Loaded metadata for 165975 books with genres
Created genre mapping for 198919 books
Matched genres: 161574 (81.2%)

Sample genre mappings:
Book ID: 9436 ---> Genre: ['Fiction']
Book ID: 120026 ---> Genre: ['Art']
Book ID: 162847 ---> Genre: ['Union catalogs']
Book ID: 70848 ---> Genre: ['Language Arts & Disciplines']


What genres are most common? You can use this info for gerring topic sensitive pagerank later.

In [32]:
# Get the top 10 genres
genre_counts = {}
for genre in genre_mapping.values():
    genre_counts[genre] = genre_counts.get(genre, 0) + 1

sorted_genres = sorted(genre_counts.items(), key=lambda x: x[1], reverse=True)

print("\nTop 10 genres by book count:")
for i, (genre, count) in enumerate(sorted_genres[:10]):
    print(f"{i+1}. {genre}: {count} books")

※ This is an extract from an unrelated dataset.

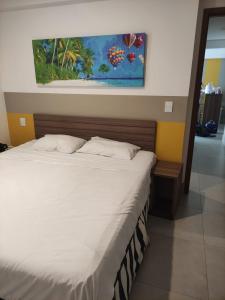 un lit dans une chambre avec un tableau sur le mur dans l'établissement Apartamento em Olímpia, à Olímpia
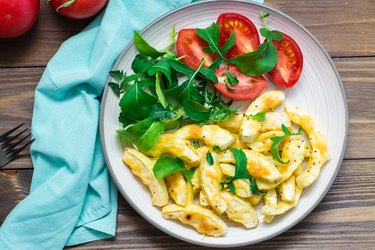 Slices of zucchini baked in spices with cheese on a plate with tomatoes and arugula on a wooden table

Top 10 genres by book count:
1. Unknown: 37345 books
2. ['Fiction']: 21731 books
3. ['Religion']: 8995 books
4. ['History']: 8874 books
5. ['Juvenile Fiction']: 6267 books
6. ['Biography & Autobiography']: 6037 books
7. ['Business & Economics']: 5410 books
8. ['Computers']: 4173 books
9. ['Social Science']: 3552 books
10. ['Juvenile Nonfiction']: 3221 books


# **PHASE TWO: BIULDING THE GRAPH**

### What is the Graph logic?

Writing a fucntion that makes the graph - Books connected if they share 2 or more reviews from at least 2 unique people. <br>
BOOKA <--> BOOKB if USER-A and USER-B reviewed both A and B

One more think to point out is that pagerank needs directed graph and since our book network has no direction, we have to double each link and make it **bidirectional**.
<br>
BOOK1 -> BOOK2
BOOK1 <- BOOK2

In [52]:
from pyspark.sql import functions as F
from graphframes import GraphFrame


def build_book_graph(df, threshold, purpose):
    # 1. Prepare user-book pairs (already unique)
    user_books = df.select("user_id_int", "book_id").cache()

    # 2. Generate book-book pairs for users, count shared users (OPTIMIZED)
    book_pairs = user_books.alias("ub1").join(
        user_books.alias("ub2"),
        F.col("ub1.user_id_int") == F.col("ub2.user_id_int")
    ).filter(
        F.col("ub1.book_id") < F.col("ub2.book_id")
    ).select(
        F.col("ub1.book_id").alias("src"),
        F.col("ub2.book_id").alias("dst")
    )

    edges_df = book_pairs.groupBy("src", "dst").count() \
        .filter(F.col("count") >= threshold) \
        .select("src", "dst").cache()

    # 3. Make undirected (bidirectional) edges
    edges_df = edges_df.union(edges_df.select(F.col("dst").alias("src"), F.col("src").alias("dst")))

    # 4. Vertices DataFrame
    vertices_df = edges_df.select("src").union(edges_df.select("dst")).distinct().withColumnRenamed("src", "id")

    # 5. Build GraphFrame
    graph = GraphFrame(vertices_df, edges_df)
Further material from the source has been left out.